Senator Corder presented the bill well and testimony was heard from the public. Testimony was both for and against the bill.

After some debate, it became quite apparent that the bill would not pass as it was. The H&W committee was in full favor of background checks as the bill contained. (This was basically the same wording as the "Idaho Child Care Program" which I helped get done a year ago.)

The first motion made, after hearing the testimony, came from Rep. Luker (R) to let the chair decide when the bill would be brought out for a vote. Then Rep. Rusche (D), a physician and supporter of the original bill, made a motion to change the licensing requirement from daycares for 4 up to daycares of 7 or more.

A third motion was made by Rep Durst (D) to send the bill as it was on to the full House with a "do pass" recommendation.

After debate, voting on the various motions started and according to House rules, the last motion made being voted on first. The motion to send to the floor as it was failed on a vote of 4 to 12.

Then the vote to change the size of daycares affected failed on a vote of 7 to 9.

The last vote to hold the bill in committee according to the discretion of the chairman passed.

Several of the committee members, including myself, got to work immediately to make the bill more agreeable to the full committee and in accordance with testimony we had heard from the public.

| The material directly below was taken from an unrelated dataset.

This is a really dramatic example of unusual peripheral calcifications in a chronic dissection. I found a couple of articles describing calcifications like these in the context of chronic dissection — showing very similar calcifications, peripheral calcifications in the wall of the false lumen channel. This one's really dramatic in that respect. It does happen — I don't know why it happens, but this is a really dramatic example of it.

Our next committee meeting day was already fully scheduled. The soonest we could look at the bill again was April 2nd. On that day, we heard the bill and within 20 minutes unanimously agreed upon amendments.

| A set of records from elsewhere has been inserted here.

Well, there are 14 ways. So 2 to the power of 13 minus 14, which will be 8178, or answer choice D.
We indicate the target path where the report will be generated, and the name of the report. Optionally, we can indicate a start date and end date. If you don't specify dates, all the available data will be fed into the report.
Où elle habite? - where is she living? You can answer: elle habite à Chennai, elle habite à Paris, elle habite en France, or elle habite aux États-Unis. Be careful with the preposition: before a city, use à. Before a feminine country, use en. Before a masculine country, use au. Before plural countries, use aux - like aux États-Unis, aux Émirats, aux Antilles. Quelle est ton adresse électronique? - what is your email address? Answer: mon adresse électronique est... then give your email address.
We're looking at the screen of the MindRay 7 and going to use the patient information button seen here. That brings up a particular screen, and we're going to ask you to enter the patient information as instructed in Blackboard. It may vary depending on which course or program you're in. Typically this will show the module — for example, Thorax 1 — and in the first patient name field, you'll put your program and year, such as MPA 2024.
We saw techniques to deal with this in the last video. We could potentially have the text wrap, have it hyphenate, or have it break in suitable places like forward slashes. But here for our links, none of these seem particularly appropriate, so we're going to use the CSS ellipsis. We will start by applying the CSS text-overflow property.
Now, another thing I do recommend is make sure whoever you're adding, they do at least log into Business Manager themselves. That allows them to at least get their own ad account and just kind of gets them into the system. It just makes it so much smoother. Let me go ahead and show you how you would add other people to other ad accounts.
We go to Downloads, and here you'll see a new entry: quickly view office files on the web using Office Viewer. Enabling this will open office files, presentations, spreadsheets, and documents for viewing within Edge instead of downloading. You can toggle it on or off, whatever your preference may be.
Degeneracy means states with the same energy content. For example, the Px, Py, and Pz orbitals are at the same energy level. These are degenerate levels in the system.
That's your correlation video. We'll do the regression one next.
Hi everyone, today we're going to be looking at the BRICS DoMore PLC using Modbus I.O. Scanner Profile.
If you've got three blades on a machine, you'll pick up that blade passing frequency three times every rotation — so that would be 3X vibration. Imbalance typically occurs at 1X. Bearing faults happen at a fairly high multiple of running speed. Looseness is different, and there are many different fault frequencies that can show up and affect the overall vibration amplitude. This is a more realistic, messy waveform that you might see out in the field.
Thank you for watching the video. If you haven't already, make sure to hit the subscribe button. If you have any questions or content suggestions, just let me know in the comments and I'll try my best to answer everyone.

These are: to increase the licensure requirements of a group size of 4 to 7 and keep background checks to group sizes of 4 or more; to continue allowing voluntary licensure down to groups of 4 or more so those that want state help with food assistance can qualify; to keep staffing requirements the same as the bill contained except employees 16 and 17 years of age may be counted in the child-staff ratio if supervised by an adult employee.

We heard quite a bit of testimony against the international fire code. We therefore eliminated those references but kept health and safety standards. We included a new section called ACCESS TO INFORMATION requiring the H&W Department to make available to daycare consumers an informational pamphlet to educate them and give them tools useful and critical in identifying quality daycare.

We also made a change that families within the second degree of relationship (this includes grandparents, children and cousins) can get together and provide care for each other without licensure. Before, this was limited to only two families that were related.

Fees were adjusted some.

I feel this is a really good bill and I expect it to pass the full house.

Hopefully, we will get the session done this week but that will depend on the House, Senate, and the governor reaching agreements on wages of state employees and setting the budget accordingly without tax increases.

Transportation costs also must be agreed upon and, of course, the issue there is also tax increases.